It is regarded as being hostile, conflictive and ultimately without purpose.
Competitions serve to demonstrate something that has no meaning in terms of tai chi.

Who are you fighting against?

The notion of a 'tai chi competition' is a contradiction in terms.
How can you employ tai chi in competition when the art is predicated upon the principle of yielding?
What purpose does a competition serve?
What really is being proved?
Does a short-term gratification actually have any positive long-term benefit?


There is no concept of an enemy or opponent in tai chi.
Likewise, the emotions associated with either - anger, hatred, friendship - also have no use and therefore play no role in this art.

(Scott Rodell)

Egotism has no place

Arrogance, ignorance and pride are vanities that a tai chi student should not indulge in.
Tai chi is about what is happening inside your body, not how it looks.
Then there is the mind...
What is taking place in there?


A lot of people learn tai chi and never realise that they are actually learning a competition form.
24 step, 48 step, Peking, Beijing and the other numbered forms were devised for the express purpose of demonstration.
A competition form is about the accuracy of the execution, the fluidity and crispness of the appearance.
It is not about substance.
The true forms of tai chi are all about substance. Aesthetics is a minor off-shoot.
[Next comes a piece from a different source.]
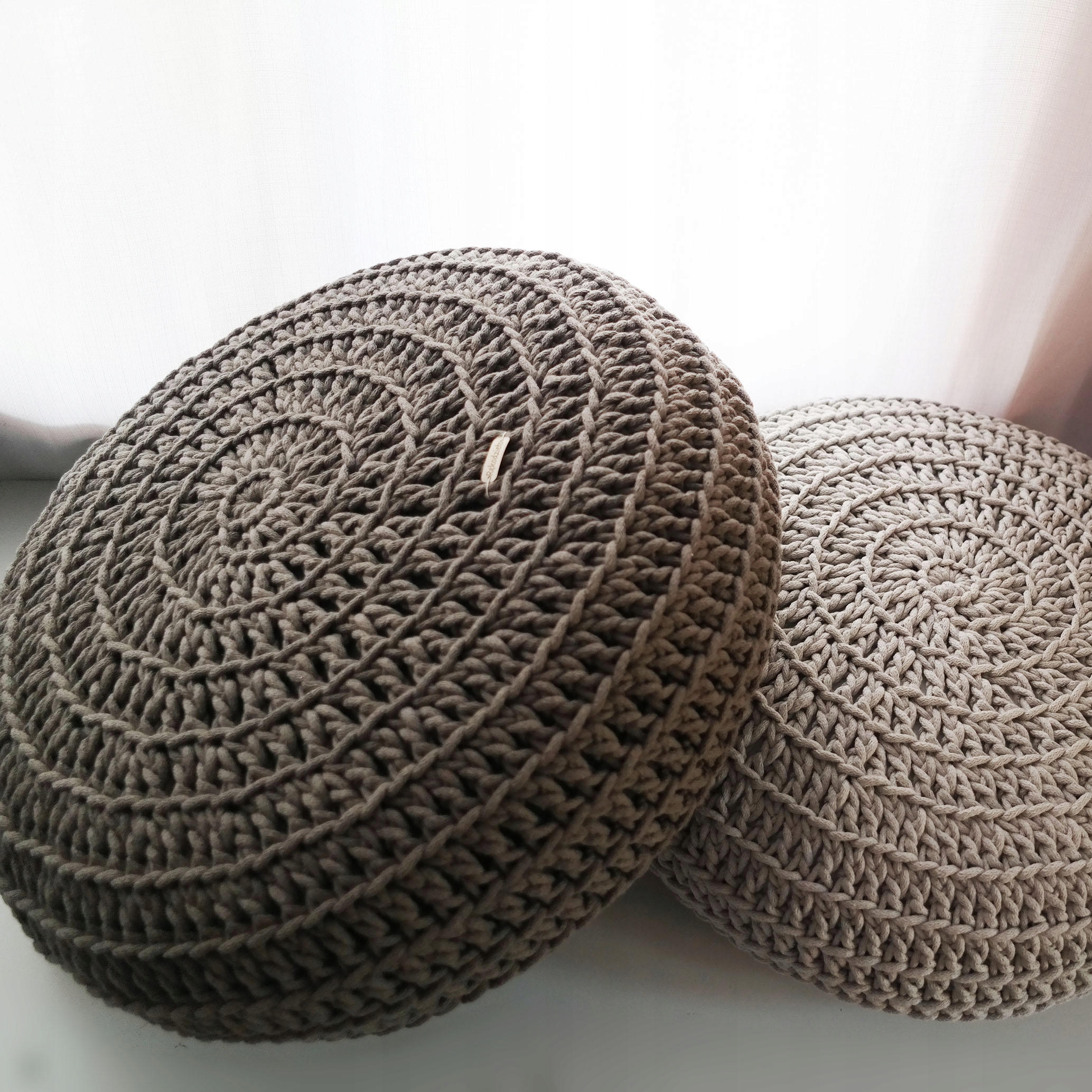 PUFA DO SALONU 50x40 PLECIONA DZIERGANA ZE SZNURKA Kolekcja Basic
Competition forms are a fairly modern invention.
They have little to do with the martial art of tai chi.
The training was were never intended to be a viable vehicle for the practice of combat skills.
To perform a competition form well, a student needs to be exceptionally supple, good at choreography and keen to practice 'moving yoga'.

Dead forms

There is no neigong in a competition form.
You cannot reasonably learn any credible fighting skills from such a form.

Martial art

Complete tai chi is more than a form; it is a system.
The training methods associated with the art are extensive and diverse; they teach you how to move, how to strike, take a strike, evade and counter.
Sifu Waller seeks to embody the principles of tai chi as expressed by The Tai Chi Classics.
No competition form syllabus offers this.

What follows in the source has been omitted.